Dunn’s weekly Healthy Grandfamilies program through West Virginia State University is nine sessions long and teaches grandparents about nutrition, legal issues and family dynamics.
Grandparents also learn about social media and technology — issues they didn’t have to think about during their first go at being parents.
“It is not like it was a generation ago to parent, because of dealing with social media issues that these parents are most often not prepared to handle because they don’t know anything about it,” Dunn said.
The group also helps with something more basic: allowing grandparents a place to meet and talk with others going through the same thing.
The grandparents Dunn meets often feel guilt at raising grandchildren after they’ve raised their own kids who now have substance abuse problems and other issues: “(They think), ‘I didn’t do it right the first time, so how am I going to do it right the second time?'”
Dunn tries to encourage them, telling them, “You have a second opportunity to do it again, and the only thing that you can do is love them, provide a roof for them, feed them and do the best you can. They grow up to be adults, and they make their own choices and you cannot control them.”
The Ellisons said they want to make sure their grandchildren have stability. They deserve that, they said.
On a hot evening in late May, the family gathered around the table for dinner. Over take-out pizza and homemade parfaits, they talked about the day.
School was about to let out for the summer. Jeorgia excitedly chattered about her class’s field day events, and Jackson recounted the end-of-year awards he received. It’s a dinner-time ritual they do whenever they can.
For Deena and Keith, raising their grandchildren is not without its challenges.
Deena is putting off retirement, even though she’s worked 23 years for the state. Keith is technically retired but does odd jobs to help make ends meet.
“Jackson starts high school this year, (and) Jeorgia will be in middle school next year,” Deena said. “So four years from now, we’ve got to start looking at college. So retirement — I’m eligible for retirement, but it’s not something I can do.”
They get some government help in the form of child-only TANF and Medicaid cards for the children. The TANF (Temporary Assistance for Needy Families) covers only the cost of after-school day care for Jeorgia.
They’re lucky to have an extended family that pitches in with babysitting and other help when they need it.
“We would not be able to do this without our family,” Deena said.

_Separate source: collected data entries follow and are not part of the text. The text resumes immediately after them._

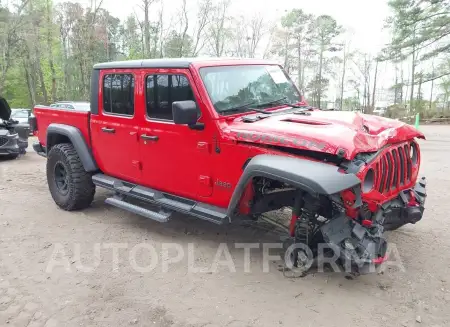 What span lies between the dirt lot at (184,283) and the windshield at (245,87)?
5.06 ft

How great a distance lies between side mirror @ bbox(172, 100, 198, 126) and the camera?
3.75 metres

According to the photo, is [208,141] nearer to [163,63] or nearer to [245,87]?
[245,87]

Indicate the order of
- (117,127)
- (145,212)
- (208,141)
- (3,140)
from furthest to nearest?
1. (3,140)
2. (117,127)
3. (145,212)
4. (208,141)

At first Deena and Keith didn’t intend to raise the kids permanently. They had hoped them being taken away would be a wake-up call for Deena’s daughter. The opposite has happened, Deena said.
But now, Deena and Keith said, they wouldn’t want the kids to leave.
“They’re so much a part of our lives that I could not imagine them not being in our house,” Deena said. “There are days when we’re going ‘ah!’ but they’re ours. They’re part of us.”